If you’ve been following my blogs and pages for a while you will know that I’m always banging on about the positive power of emotional vulnerability. I want to take time out, and change my perspective. There is a big difference between being emotionally vulnerable and being a hot mess. In this section we are going to look at those differences, in particular, being needy (dependent), oversharing, safe and unsafe people, levels of vulnerability, and very importantly, vulnerability and boundaries.
The difference between being vulnerable and needy is the value you place on your self-worth. Neediness is requiring the attention or actions of another to make you whole, whereas being vulnerable means allowing the emotional barrier to come down by sharing weaknesses and emotions. For example, texting your partner every 5 minutes for attention is needy. Communicating to your partner that you feel insecure when you don’t hear from them all day is vulnerable. To have self-worth is to accept your whole person, warts and all. Being needy involves having someone else fulfill your needs. (https://poosh.com/neediness-vs-vulnerability-in-relationships/)

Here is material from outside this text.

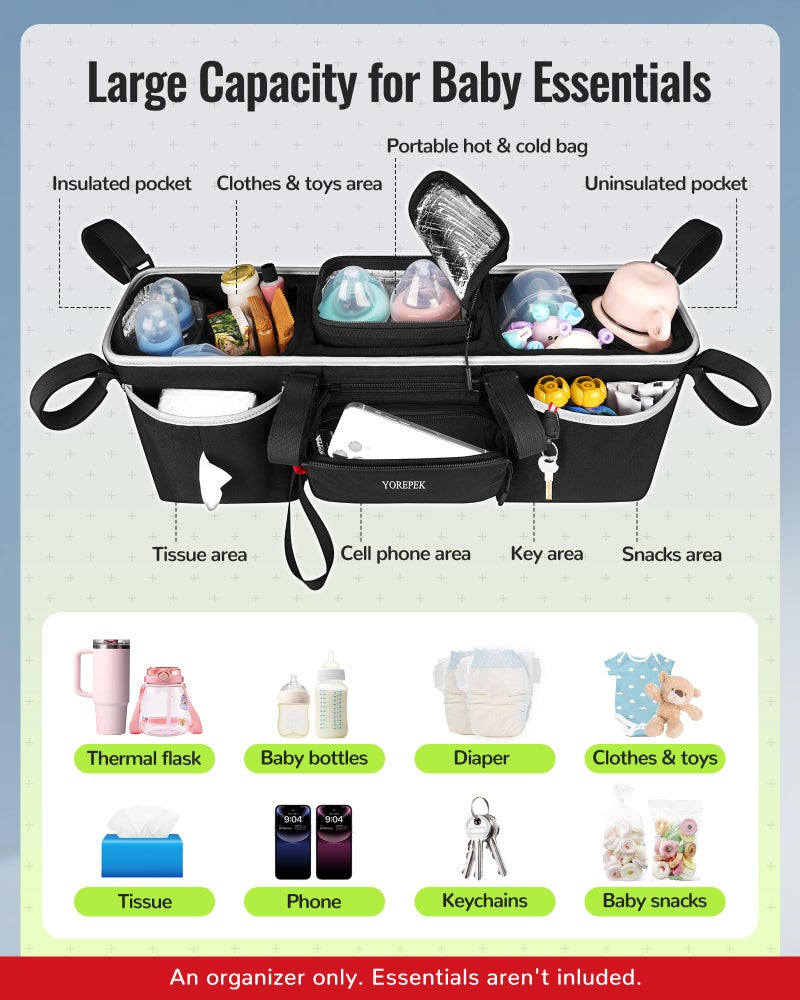 YOREPEK Heavy Duty Double Stroller Organizer for Bob Duallie, Baby Jogger City Mini GT2 and Jeep,Stroller Caddy with Detachable Cooler Bag and Handbag,Stroller Storage Attachment for Baby Accessories - Image 5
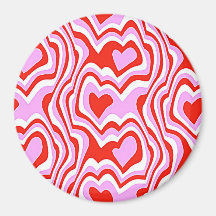 rött och rosa hjärtamönster magneter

There is a fine line between not sharing enough to create a connection, and sharing too much and scaring someone off. Most of us have been in the position where someone has shared too much information with us and we are left feeling uncomfortable and unsure of why we’ve been picked to carry this burden. It also leaves the oversharer feeling uneasy because they have attempted to create a connection and have not received the reciprocity they are looking for. Awkwardness all around. Dr. Brene Brown warns “Oversharing is not vulnerability. In fact, it often results in disconnection, distrust, and disengagement.”

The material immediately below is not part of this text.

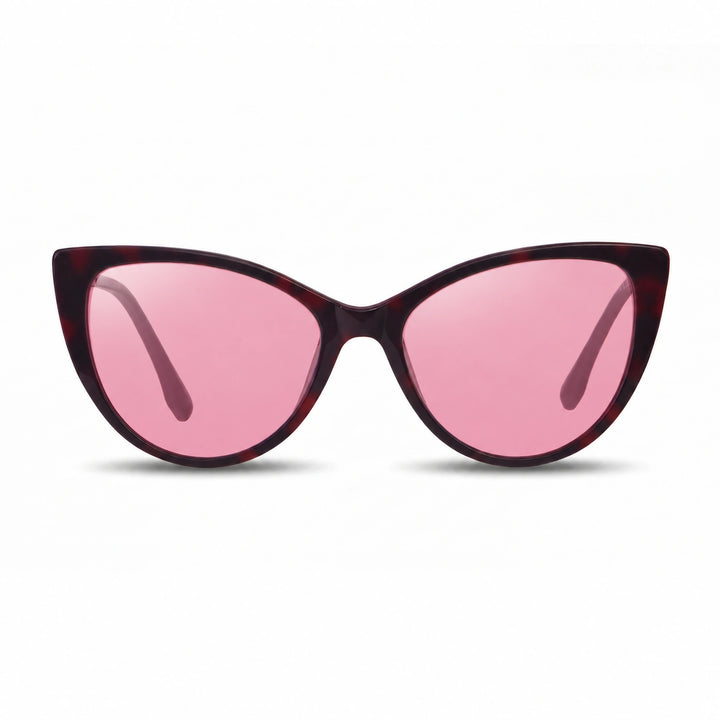 Lentes de sol Fiore 1010 Rojo cristal Rosado polarizado vista frontal mujer #color_rosado #foto_frontal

Being vulnerable does not mean word vomit to the cash register operator at your local supermarket about your most recent break-up. This creates less connection and respect. To understand how much information and to whom you should share it with you need to consider the level of trust within the relationship, as well as the expectations and boundaries of the other person. You also need to have a good understanding of safe and unsafe people. (https://www.becomingwhoyouare.net/vulnerability-vs-over-sharing-where-to-draw-the-line/)

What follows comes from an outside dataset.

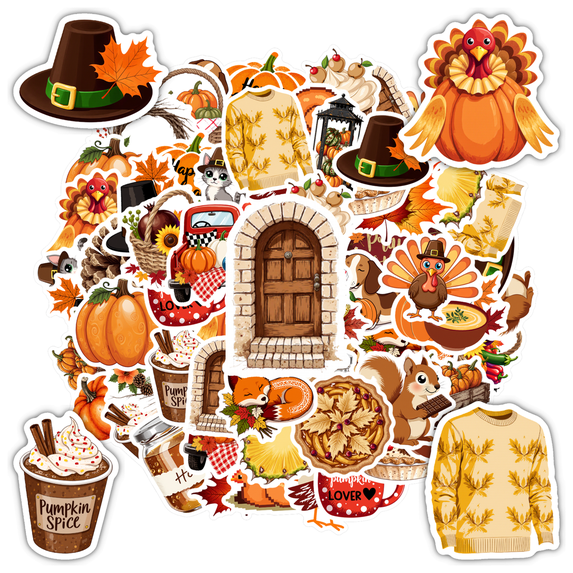 35pcs Seasonal Stickers Stationery Autumn Stickers Teacher Reward Stickers Funny Stickers for Notebooks Laptops Suitcase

When deciding to open up and become emotionally vulnerable, it is important to consider whether that person is safe or unsafe. Your inner self is not for everyone and you must be aware of the unsafe people who don’t deserve your vulnerability.
Levels of Vulnerability — Jessica R. TuckerSome examples of people who are not safe may include:
Someone who has previously violated your trust
Someone who is known for gossiping
Someone who does not respect your boundaries
Some examples of safe people may include:
Someone who you have seen displaying traits of non-judgment and acceptance
Someone who validates your feelings
Someone who doesn’t tell you how you “should” feel or think
It is also important to understand there are levels of vulnerability — it isn’t an all or nothing scenario. Jessica R. Tucker, an online career coach, has a wonderful schema outlining examples of how to regulate vulnerability depending on the person you are talking to (https://www.beinggreather.com/post/vulnerability-needs-healthy-boundaries-here-s-why)
The safe and unsafe people in our lives guide us to build appropriate boundaries about opening up and expressing our fears, previous mistakes, dreams, and hopes. Boundaries are not rules you create to control others' behaviour towards you, they are guidelines to manage your behaviour to protect yourself from harm, whether that be physical or emotional. For example, I have a boundary around being in a conversation with an angry person who is raising their voice. This is threatening to me, and I don’t believe it is necessary or helpful in resolving any situation. If someone encroaches on this boundary I will let them know I don’t wish to continue the conversation if they can’t lower their voice, and if they can’t, well then I terminate the conversation. It’s all about my behaviour. How they respond to that boundary tells me whether they are a safe or unsafe person.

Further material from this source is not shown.